Data extracted from a collection
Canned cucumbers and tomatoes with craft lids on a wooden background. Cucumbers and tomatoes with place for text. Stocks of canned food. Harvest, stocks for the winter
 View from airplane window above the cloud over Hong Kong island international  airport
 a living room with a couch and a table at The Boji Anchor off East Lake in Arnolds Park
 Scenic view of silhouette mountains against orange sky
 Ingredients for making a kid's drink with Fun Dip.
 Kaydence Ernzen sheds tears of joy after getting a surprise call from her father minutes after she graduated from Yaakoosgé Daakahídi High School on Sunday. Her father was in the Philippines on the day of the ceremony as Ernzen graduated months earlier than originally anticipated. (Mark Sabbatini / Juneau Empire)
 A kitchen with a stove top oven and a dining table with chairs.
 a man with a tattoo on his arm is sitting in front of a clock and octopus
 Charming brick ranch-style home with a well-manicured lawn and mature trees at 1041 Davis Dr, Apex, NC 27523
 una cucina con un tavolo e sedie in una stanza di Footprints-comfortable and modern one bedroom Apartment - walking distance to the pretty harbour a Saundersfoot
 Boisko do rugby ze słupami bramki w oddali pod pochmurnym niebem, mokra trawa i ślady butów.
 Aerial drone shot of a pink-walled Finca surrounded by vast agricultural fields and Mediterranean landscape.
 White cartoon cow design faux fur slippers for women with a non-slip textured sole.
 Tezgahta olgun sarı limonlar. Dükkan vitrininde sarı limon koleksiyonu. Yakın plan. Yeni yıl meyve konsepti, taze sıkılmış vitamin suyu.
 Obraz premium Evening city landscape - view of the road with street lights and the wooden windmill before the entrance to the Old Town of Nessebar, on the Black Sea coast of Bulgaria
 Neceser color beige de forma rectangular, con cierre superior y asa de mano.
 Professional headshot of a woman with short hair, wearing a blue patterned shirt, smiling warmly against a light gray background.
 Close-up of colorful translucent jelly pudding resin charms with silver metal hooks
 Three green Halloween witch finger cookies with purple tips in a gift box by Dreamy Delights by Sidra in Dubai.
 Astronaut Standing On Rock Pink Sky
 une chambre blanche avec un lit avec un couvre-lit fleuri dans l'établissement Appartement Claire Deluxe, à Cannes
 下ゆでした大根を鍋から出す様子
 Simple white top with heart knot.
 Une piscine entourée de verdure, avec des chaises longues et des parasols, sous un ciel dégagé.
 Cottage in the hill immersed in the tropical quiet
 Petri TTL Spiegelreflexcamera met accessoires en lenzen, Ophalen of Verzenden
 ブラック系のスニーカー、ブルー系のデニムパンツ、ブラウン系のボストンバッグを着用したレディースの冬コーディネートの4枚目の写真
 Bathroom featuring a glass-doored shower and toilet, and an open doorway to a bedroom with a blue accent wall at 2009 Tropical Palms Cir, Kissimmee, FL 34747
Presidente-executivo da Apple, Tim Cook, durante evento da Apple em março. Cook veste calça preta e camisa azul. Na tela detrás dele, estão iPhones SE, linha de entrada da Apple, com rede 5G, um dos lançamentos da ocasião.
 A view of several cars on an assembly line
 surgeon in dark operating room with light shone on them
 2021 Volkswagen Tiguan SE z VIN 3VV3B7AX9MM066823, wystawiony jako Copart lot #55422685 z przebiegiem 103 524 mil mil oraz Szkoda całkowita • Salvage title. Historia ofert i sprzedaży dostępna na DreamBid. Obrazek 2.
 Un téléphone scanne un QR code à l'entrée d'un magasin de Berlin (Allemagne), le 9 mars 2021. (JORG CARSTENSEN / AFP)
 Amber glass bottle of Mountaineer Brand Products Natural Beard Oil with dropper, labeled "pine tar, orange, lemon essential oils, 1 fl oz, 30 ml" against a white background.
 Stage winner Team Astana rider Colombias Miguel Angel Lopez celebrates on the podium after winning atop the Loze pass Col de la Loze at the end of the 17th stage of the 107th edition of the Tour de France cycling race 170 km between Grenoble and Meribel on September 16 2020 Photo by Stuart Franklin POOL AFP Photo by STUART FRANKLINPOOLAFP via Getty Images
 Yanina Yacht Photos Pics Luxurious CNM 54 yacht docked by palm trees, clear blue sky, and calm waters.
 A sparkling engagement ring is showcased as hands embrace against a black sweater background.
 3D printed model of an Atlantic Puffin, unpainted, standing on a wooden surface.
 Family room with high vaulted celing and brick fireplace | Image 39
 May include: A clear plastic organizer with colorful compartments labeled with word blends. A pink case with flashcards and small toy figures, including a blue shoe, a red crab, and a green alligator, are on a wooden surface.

→ **Exercise goal**
In the entries above, which lines hold the string "against"? Report all of them.

→ **Finished exercise**
 Scenic view of silhouette mountains against orange sky
 Professional headshot of a woman with short hair, wearing a blue patterned shirt, smiling warmly against a light gray background.
 Amber glass bottle of Mountaineer Brand Products Natural Beard Oil with dropper, labeled "pine tar, orange, lemon essential oils, 1 fl oz, 30 ml" against a white background.
 A sparkling engagement ring is showcased as hands embrace against a black sweater background.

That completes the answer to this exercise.